# Embedding sparse word vectors into high-but-lower-dimensional dense space

[![Open In Colab](https://colab.research.google.com/assets/colab-badge.svg)](https://colab.research.google.com/github/parrt/playdl/blob/master/mnist/notebooks/word-embeddings.ipynb)

Word vectors are simple but the vocabulary size can make word vectors extremely long; high dimensionality. And they are very sparse, mostly zeros.

Word embeddings, on the other hand, embed that massive dimensional space into a smaller, dense space. For example, [GloVE](https://nlp.stanford.edu/projects/glove/) has pre-trained word embeddings of various sizes such as 50 and 300 dimensions. Unlike word vectors, we need to do some training to compute embeddings. I've used pre-trained word-to-embedding dictionaries to good effect, but we can also train and embedding specific to our task as part of our model, using an embedding layer.

## Getting random but dense not sparse word vectors

In [word-vectors](word-vectors.ipynb), we created sparse vectors representing words. When added together, these create bag of words (BOW) representations of documents. We can just turn on the particular position of a word in the vector if that word is present in the document. 

If we are passing words individually to a recurrent neural network (RNN), then these sparse vectors can get pretty big. If there are 20,000 words in the dictionary, we might have vectors of size 20,000. What we need is a dense representation that still gives us unique representations of each word.  (We also used to the hash trick also to try to shrink the size of the sparse vectors, but they are still sparse.)

In [3]:
import numpy as np
from keras.preprocessing.text import Tokenizer

Using TensorFlow backend.


In [59]:
# sample tweets from my twitter inbox with added text for experimentation
samples = [
    """Tesla Motors has nothing to do with this tweet.
    On those rare occasions when I really, really need to reduce the
    size of a file I use "xz -9". Today I found out about the "extreme" setting
    and "xz -e9" squeezed files down another 15% or so. It is not exactly quick,
    but that doesn't really matter in such cases!""",
    
    """Securities and exchange commission has nothing to do with this tweet.
    Do grad students get paid a lot? No. But do we at least have solid
    job security? Also, no. But are we at least ensured a stress-free work
    environment with a healthy work-life balance? Still, also no.""",

    """A design process hyperfocused on A/B testing can result in dark patterns even
    if that’s not the intent. That’s because most A/B tests are based on metrics
    that are relevant to the company’s bottom line, even if they result in harm to users."""
]

tokenizer = Tokenizer()
tokenizer.fit_on_texts(samples)
words = tokenizer.word_index.keys() # get tokenized words

If we are not using a hash function but instead dense factors, we need a dictionary to keep track of the word to vector mapping. But, we can create vectors of any length and get very little chance of collision. For example, even with a single floating-point number between 0 and 1, with our 96 words in the vocabulary, there's almost no chance of collision

In [60]:
def hashwords(words, dimensionality = 4):
    return {w:np.random.random(size=dimensionality) for w in words}

In [61]:
index = hashwords(words, dimensionality=2)
list(index.items())[:10]

[('a', array([0.19961118, 0.11705843])),
 ('to', array([0.85572254, 0.54628484])),
 ('do', array([0.66253901, 0.52195502])),
 ('the', array([0.04109797, 0.48363888])),
 ('with', array([0.01202187, 0.46650898])),
 ('on', array([0.84055389, 0.35435807])),
 ('i', array([0.27237413, 0.22134055])),
 ('really', array([0.08232775, 0.64253263])),
 ('but', array([0.72443352, 0.8018862 ])),
 ('in', array([0.44320091, 0.3192354 ]))]

In [63]:
ncollisions = len(index) - len(set([tuple(a) for a in index.values()]))
print(f"There were {ncollisions} collisions between dense word vectors")

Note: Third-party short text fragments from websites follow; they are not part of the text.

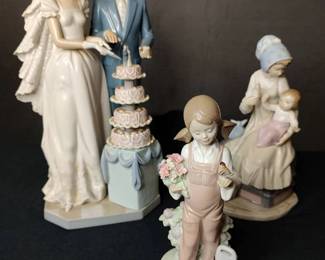 LLadro Bride and Groom, Mother Feeding Child, Girl with Bird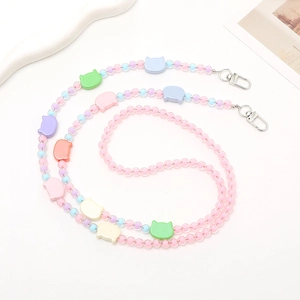 Pastel beaded crossbody strap with cute cat heads and silver metal clasps for phones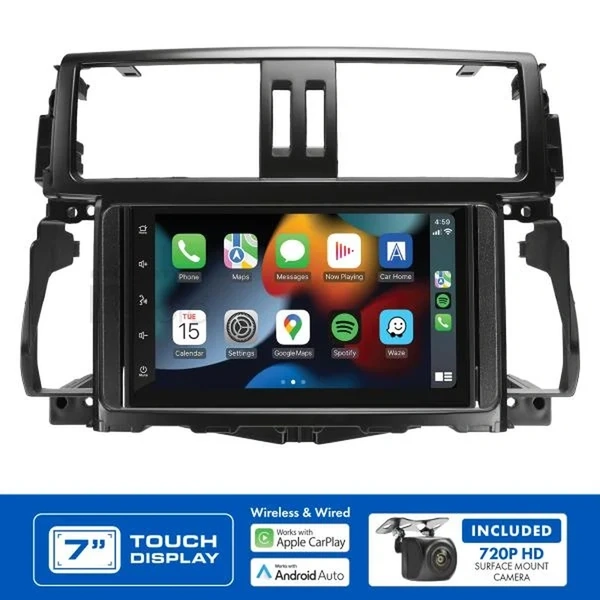 Aerpro AM9166K 7" Apple CarPlay Andoid Auto Head Unit fits Toyota Landcruiser Prado 150 Series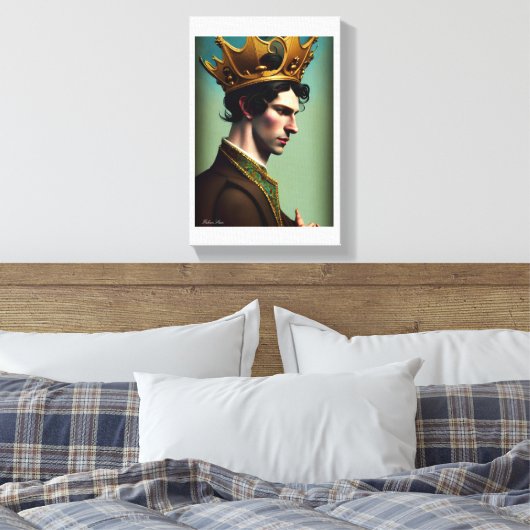 Handsome Royal King Faux Canvas afdrukken (Insitu (Slaapkamer))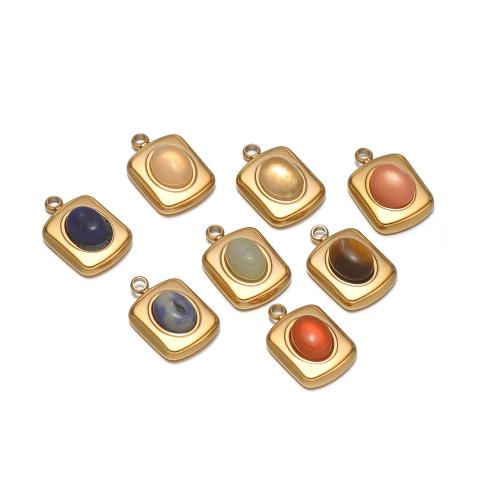 Gemstone Jewelry Pendants, 304 Stainless Steel, with Gemstone, Square, gold color plated, DIY, more colors for choice, 9x13mm, 10PCs/Bag, Sold By Bag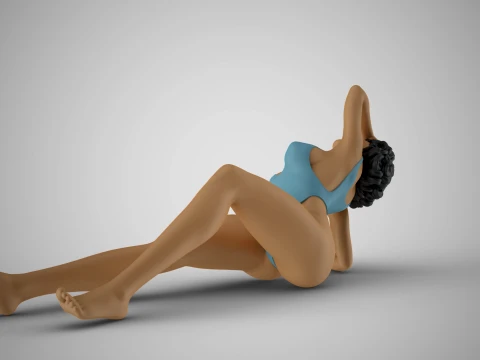 Sunbathing on the Beach 3D Print Model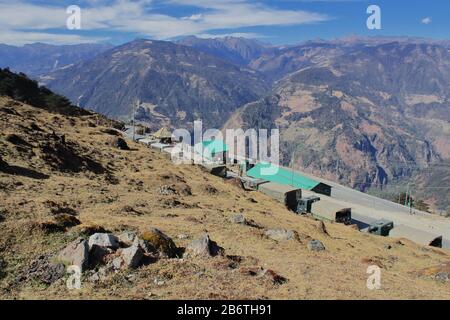 indian army post at jaswantgarh near tawang in arunachal pradesh, north east india Stock Photo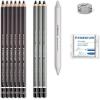 imageSTAEDTLER Mars Lumograph Art Set  Drawing Kit with Charcoal and Graphite Drawing Pencils Blending Stump Kneadable Eraser and Dual Hole Sharpener 61 100CCharcoal Set
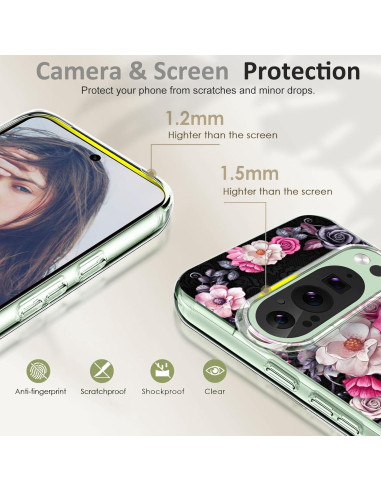 Funda Protectora Gxmeuie para Google Pixel 9 Pro XL Floral TPU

There were 0 collisions between dense word vectors


## Word embeddings using Keras

Those vectors are dense but there is literally no meaning to the values in the vector positions. Two similar words are in no way similar in some kind of semantic space. We are not helping the model very much. 

The key idea for improvement is "*You shall know a word by the company it keeps.*" ([John Firth](https://en.wikipedia.org/wiki/John_Rupert_Firth), 1957).  Here is a [nice paper on GloVe](https://nlp.stanford.edu/pubs/glove.pdf).  I think this was the [word2vec paper that got word vectors started](https://arxiv.org/pdf/1301.3781.pdf).

BTW, this also works for embedding of other things like movies/users (from the netflix challenge) and [airlines](https://djcordhose.github.io/ml-workshop/2019-embeddings.html). If we want to get dense vectors for airline names, we need some mechanism to indicate similarity between airlines so that, rather than random dense factors, we can get dense vectors where airlines are somehow close to each other in some appropriate dense space.